What is Six Sigma?

by Abhiram Patnaik, MBA class of 2007, IIIT Allahabad

  • A Philosophy (Make fewer mistakes in what we do)
  • A Statistical Measurement (Helps gauge adequacy of product process & services)
  • A Metric (A measuring system)
  • A Business Strategy (Good quality reduces cost)

Six Sigma has many facets: It is a metric, benchmark, vision, philosophy, method, tool, symbol, and a goal. It is a goal to achieve less than 4 defects per million opportunities. It can be described as the ultimate in optimization. In six sigma, the emphasis is on reducing defects in the product or services to less than 4 per million opportunities, reducing cycle time with aggressive goals such as 30-50% reduction per year and reducing costs to dramatically impact the bottom line. Six sigma provides specific methods to recreate the process so that defects and errors never arise in the first place. Needless to say, this leads to multifold increase in the profit as well as the customer base of an organization.

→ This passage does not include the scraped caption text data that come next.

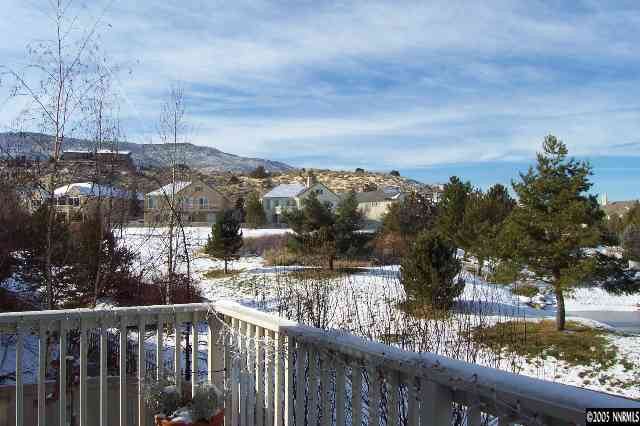 1815 Caughlin Creek Road Reno, NV 89519 - Photo 8 of 9 a view of a lake from a balcony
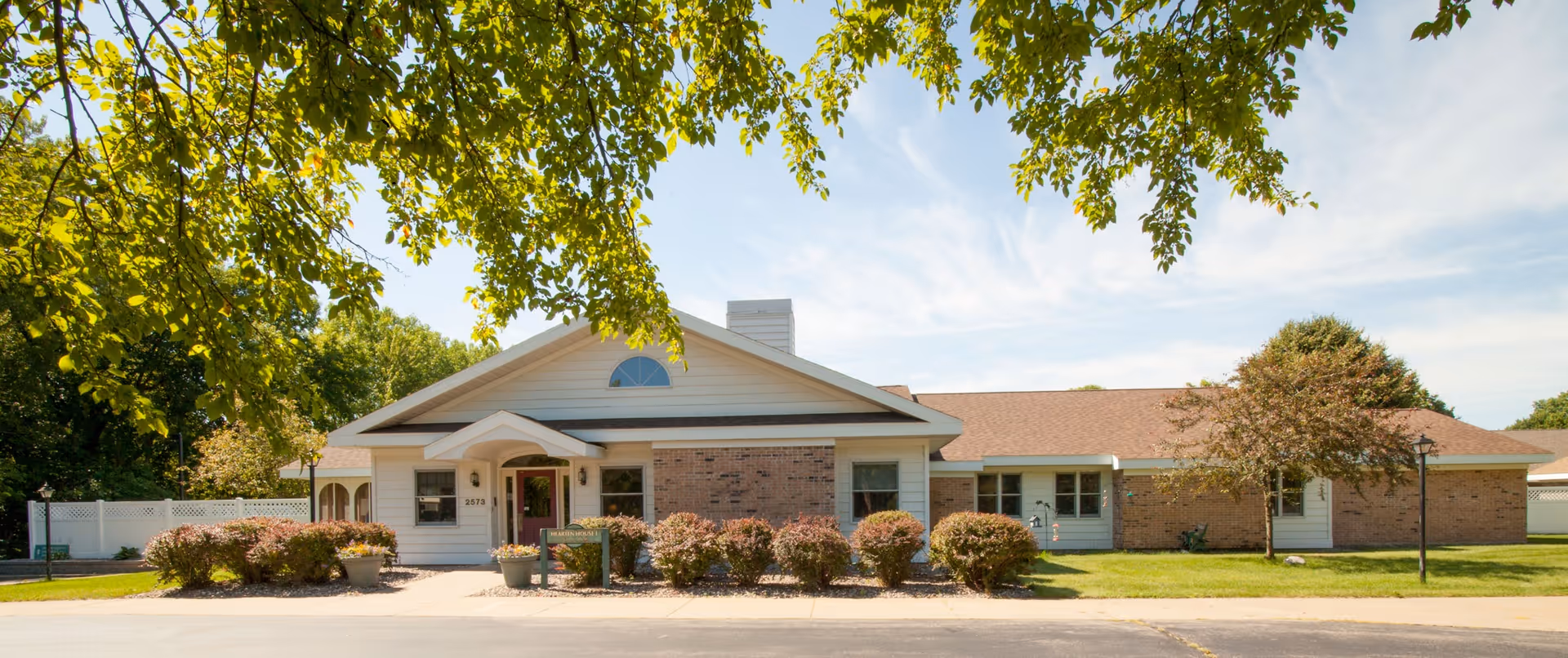 Front exterior view of a single-story senior living facility building with a combination of brick and white siding, a peaked roof, and a covered entrance. The building is surrounded by neatly trimmed bushes, a tree with green leaves in the foreground, and a clear blue sky with some clouds.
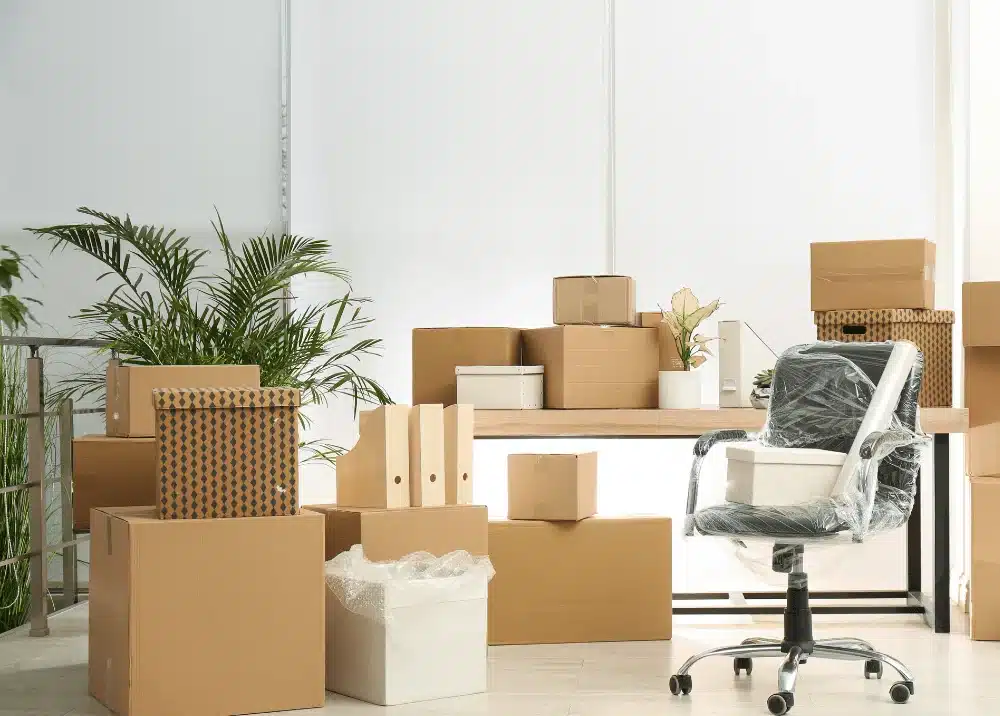 Cartons de déménagement et chaise de bureau emballée dans un bureau moderne avec plantes vertes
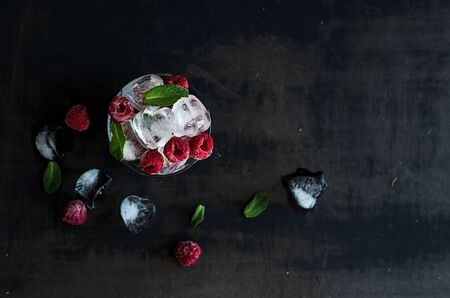 Ice cubes with mint leaves and frozen raspberry in glass on grunge dark background with copy spaceの写真素材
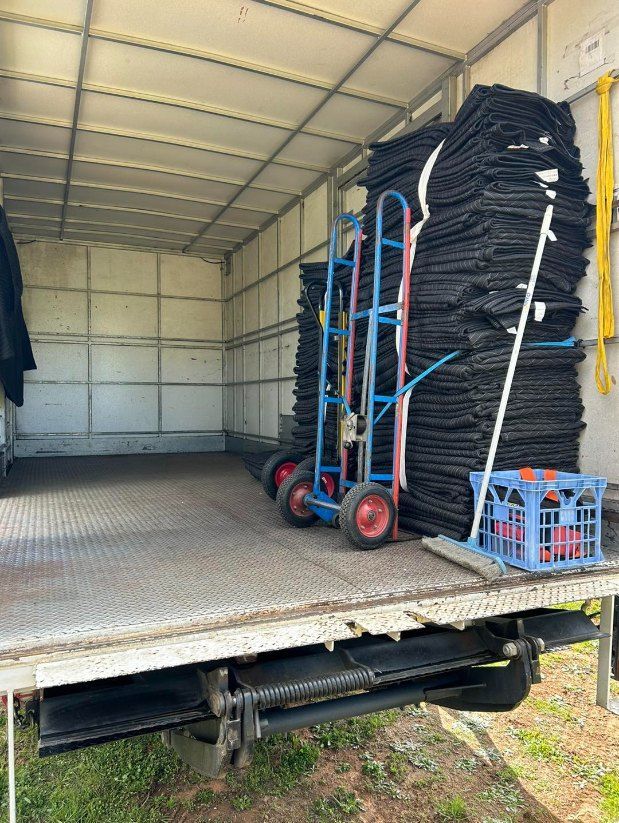 A Truck With a Stack of Blankets on the Back of It — Buck Removals & Storage in Young, NSW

In statistics the Greek letter ‘sigma' is used to measure the amount of variation in data. Every process has measurable characteristics and the measurements follow a frequency distribution. Every distribution has a center point called ‘Mean' or ‘Average' (half the measurements are above and half below). The curve is like a ‘bell shape' getting closer and closer to zero but never quite reaching the line. The variation (fatness) of the curve is measured by the ‘standard deviation'- the distance between the mean and the point either side where the curve changes from convex to concave. This distance (standard deviation) is known as sigma.

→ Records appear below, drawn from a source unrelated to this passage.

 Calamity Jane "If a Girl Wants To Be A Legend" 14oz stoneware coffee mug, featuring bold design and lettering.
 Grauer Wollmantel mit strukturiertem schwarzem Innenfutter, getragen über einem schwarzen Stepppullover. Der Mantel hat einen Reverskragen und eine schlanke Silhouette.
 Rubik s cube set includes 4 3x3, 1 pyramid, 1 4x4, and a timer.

Sigma can be broadly considered as a method of measuring the deviation trend of a data from its normal average value. The interesting thing about the normal distribution is that 68% of all measurements fall within one sigma either side of the mean. This is both mathematically proven and a practically experienced result. Similarly 99.74% of all measurements fall within 3 sigma. To give an example if someone measure shoe sizes of the entire population, the plotted measurements will have an average (Mean) and standard deviation (Sigma). Almost 100% of all people have shoe sizes from (Mean +3 Sigma) to (Mean – 3 Sigma). So if someone makes shoes with just this range of sizes he/she can satisfy 99.74% of all your customers.

Three Sigma- The current accepted standard

Most of the organizations operate at the three sigma level. This appears decent as only 0.26% of the output will fail to meet the customer requirements. But the case is different as today's services, manufacturing and operations are complex with many process steps and numerous parts. Each step of the process may deliver at 99+ % success, but as each step relies on the previous one, failures multiply and the outcome has more defects and failures than expected. In reality three sigma often fails customer requirements not 0.26% but 7% of the time.